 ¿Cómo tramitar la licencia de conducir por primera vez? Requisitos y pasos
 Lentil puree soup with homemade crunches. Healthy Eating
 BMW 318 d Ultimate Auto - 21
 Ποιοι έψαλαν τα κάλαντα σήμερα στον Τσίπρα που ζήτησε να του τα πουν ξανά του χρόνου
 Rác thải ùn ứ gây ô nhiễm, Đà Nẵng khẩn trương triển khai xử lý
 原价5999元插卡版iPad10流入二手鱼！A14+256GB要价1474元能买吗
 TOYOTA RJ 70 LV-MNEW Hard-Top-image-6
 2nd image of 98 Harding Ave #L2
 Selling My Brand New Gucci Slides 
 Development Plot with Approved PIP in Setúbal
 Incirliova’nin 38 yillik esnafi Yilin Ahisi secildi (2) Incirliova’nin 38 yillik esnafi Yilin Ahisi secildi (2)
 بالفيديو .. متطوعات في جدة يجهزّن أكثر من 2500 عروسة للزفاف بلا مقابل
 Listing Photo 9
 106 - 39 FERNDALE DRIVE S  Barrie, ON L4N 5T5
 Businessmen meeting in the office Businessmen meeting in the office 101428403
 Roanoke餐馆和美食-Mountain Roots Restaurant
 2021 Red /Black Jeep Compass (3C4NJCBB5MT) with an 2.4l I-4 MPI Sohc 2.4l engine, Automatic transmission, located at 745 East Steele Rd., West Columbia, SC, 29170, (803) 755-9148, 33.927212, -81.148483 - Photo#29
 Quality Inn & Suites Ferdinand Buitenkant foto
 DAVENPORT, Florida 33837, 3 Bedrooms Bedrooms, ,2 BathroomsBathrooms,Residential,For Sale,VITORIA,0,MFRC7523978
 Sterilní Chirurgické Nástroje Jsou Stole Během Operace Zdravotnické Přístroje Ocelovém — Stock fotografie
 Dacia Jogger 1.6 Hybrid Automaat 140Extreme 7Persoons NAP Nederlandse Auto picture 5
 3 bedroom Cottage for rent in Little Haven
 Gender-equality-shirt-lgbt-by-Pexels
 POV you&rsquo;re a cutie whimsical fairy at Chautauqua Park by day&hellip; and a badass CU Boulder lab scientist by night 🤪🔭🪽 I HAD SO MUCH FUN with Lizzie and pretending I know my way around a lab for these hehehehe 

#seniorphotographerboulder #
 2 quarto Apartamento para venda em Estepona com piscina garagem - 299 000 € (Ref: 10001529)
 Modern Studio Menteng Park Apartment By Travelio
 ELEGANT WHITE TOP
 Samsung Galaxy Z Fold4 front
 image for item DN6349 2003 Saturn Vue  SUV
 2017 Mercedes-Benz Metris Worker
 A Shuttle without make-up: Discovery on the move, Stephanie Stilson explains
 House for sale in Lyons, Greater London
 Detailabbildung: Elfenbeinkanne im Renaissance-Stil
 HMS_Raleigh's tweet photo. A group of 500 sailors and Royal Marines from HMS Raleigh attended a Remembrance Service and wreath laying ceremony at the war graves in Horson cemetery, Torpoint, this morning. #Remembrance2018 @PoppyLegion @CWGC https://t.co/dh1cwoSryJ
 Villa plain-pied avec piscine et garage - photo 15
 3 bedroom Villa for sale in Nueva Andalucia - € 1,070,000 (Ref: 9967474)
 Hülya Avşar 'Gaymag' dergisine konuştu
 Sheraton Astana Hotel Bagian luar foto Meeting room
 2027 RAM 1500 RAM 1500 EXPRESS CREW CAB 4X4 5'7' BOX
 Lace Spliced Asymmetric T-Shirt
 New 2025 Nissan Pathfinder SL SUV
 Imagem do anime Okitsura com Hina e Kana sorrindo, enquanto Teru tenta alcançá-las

********************

[Required action]
From the entries above, restate word for word the lines from the line containing "Businessmen meeting in the office Businessmen" to the line containing "Quality Inn &", both ends included, and nothing more.

[Response to this task]
 Businessmen meeting in the office Businessmen meeting in the office 101428403
 Roanoke餐馆和美食-Mountain Roots Restaurant
 2021 Red /Black Jeep Compass (3C4NJCBB5MT) with an 2.4l I-4 MPI Sohc 2.4l engine, Automatic transmission, located at 745 East Steele Rd., West Columbia, SC, 29170, (803) 755-9148, 33.927212, -81.148483 - Photo#29
 Quality Inn & Suites Ferdinand Buitenkant foto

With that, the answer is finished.